Marital status is determined based on where a marriage is celebrated, not where a couple resides. Two persons are married for federal tax purposes if they were lawfully married in a state whose laws authorize the marriage. In other words, if a marriage was legal in the state where the marriage was celebrated, then the couple is considered married for federal tax purposes.
That might sound complicated, but the Supreme Court made the whole issue significantly easier with its groundbreaking decision in Obergefell v. Hodges in 2015.
Obergefell v. Hodges—All States Are Now Equal
On Oct. 6, 2014, the U.S. Supreme Court let stand decisions in the 4th, 7th, and 10th Circuit Courts of Appeals that overturned state-level bans on same-sex marriage. Specifically, Indiana, Oklahoma, Utah, Virginia, Wisconsin, Kansas, North Carolina, South Carolina, West Virginia, and Wyoming became required to recognize same-sex marriages within their states.
Then the U.S. Supreme Court handed down a second decision in Obergefell v. Hodges less than a year later, on June 26, 2015. This decision actually legalized same-sex marriages at the federal level. In a 5-4 opinion, the Court also mandated that all states must license and recognize same-sex marriages.
The ramifications of this decision trickled down to state tax returns. All legally married couples must now file married returns, either jointly or separately, at both the state and federal level. At least 13 states had resisted accepting married returns from same-sex couples prior to Obergefell v. Hodges, but they were now obligated to do so and that remains the case in 2019.
This doesn't mean there aren't still some rules you should keep in mind.
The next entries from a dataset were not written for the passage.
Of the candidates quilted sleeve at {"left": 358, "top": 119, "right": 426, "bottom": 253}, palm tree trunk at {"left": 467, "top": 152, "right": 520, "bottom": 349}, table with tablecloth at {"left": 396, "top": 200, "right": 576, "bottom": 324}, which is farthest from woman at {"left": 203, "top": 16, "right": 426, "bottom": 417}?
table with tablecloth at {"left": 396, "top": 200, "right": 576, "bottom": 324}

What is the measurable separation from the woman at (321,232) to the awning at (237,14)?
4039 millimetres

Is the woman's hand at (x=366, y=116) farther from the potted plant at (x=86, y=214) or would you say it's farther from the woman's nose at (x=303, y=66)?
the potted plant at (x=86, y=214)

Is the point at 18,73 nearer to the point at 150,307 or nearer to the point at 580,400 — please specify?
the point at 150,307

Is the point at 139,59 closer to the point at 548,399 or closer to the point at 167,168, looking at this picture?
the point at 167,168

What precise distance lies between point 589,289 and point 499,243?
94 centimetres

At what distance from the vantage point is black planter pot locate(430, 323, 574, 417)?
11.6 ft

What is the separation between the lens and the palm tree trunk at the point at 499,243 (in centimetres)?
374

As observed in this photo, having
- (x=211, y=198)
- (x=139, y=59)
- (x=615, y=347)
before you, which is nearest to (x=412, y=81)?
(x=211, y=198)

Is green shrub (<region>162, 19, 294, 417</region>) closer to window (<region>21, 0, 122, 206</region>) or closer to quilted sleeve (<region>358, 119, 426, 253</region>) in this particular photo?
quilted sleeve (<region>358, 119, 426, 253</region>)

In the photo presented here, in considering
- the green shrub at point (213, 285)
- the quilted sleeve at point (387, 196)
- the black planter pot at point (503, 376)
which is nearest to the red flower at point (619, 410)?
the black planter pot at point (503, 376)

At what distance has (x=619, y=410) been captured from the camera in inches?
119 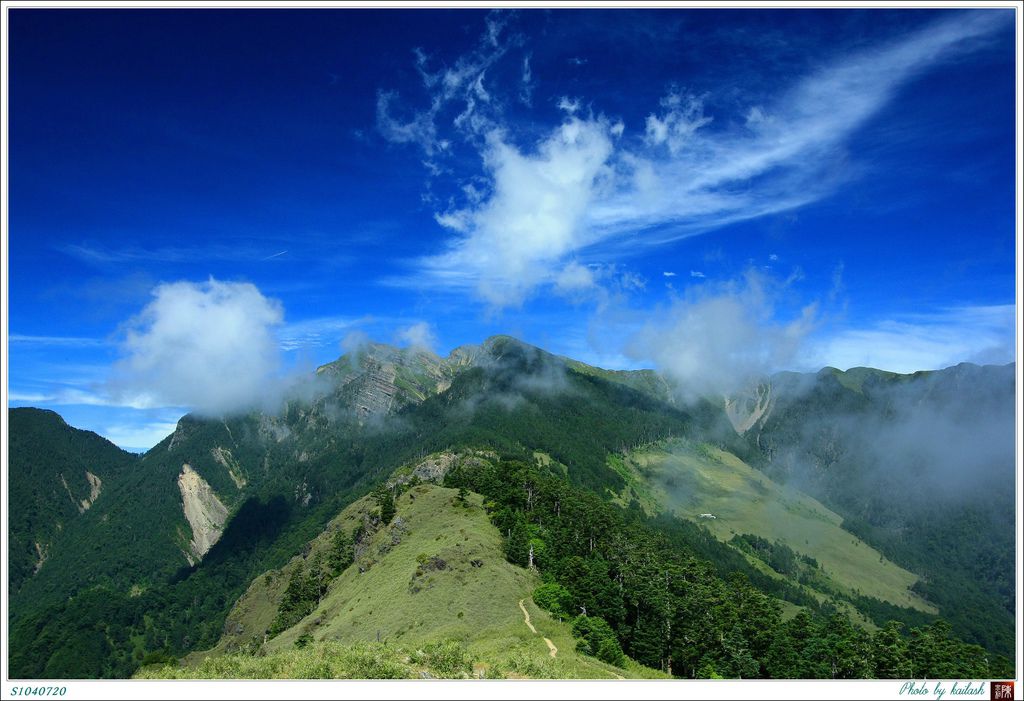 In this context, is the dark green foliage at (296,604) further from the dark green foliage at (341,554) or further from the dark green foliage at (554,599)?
the dark green foliage at (554,599)

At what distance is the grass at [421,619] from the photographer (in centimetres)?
3744

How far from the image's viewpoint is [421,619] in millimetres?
67000

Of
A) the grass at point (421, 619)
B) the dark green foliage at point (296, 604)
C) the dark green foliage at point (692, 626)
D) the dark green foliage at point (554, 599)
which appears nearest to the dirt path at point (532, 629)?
the grass at point (421, 619)

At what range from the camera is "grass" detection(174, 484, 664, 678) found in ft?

Marital Status and Filing Options
The rule is that if you're legally married on the last day of the year—Dec. 31—you're married for the entire year for tax purposes. Married couples must choose between married filing jointly and married filing separately filing statuses in most cases.
Some might qualify for head of household status if they didn't live together at any time during the last six months of the tax year and have no intention of ever cohabiting again, but this filing status comes with a host of other qualify rules as well.
Registered Domestic Partnerships and Civil Unions
Domestic partners and civil union couples are not married for federal tax purposes. In Revenue Ruling 2013-17, the IRS writes:
"For federal tax purposes, the term 'marriage' does not include registered domestic partnerships, civil unions, or other similar formal relationships recognized under state law that is not denominated as a marriage under that state’s law."
Domestic partners and civil union couples must therefore choose between the single or head of household filing statuses.
Domestic partners and civil union couples might be required to file married tax returns at their state level, however. California, Nevada, and Washington apply community property laws to domestic partners in the same way these laws apply to married couples. Domestic partners might have to allocate their income and deductions using community property methods when preparing their federal tax returns. See Publication 555, Community Property, on the IRS website for details.
NOTE: Tax laws change periodically and the above information may not reflect the most recent changes. Please consult with a tax professional for the most up-to-date advice. The information contained in this article is not intended as tax advice and it is not a substitute for tax advice.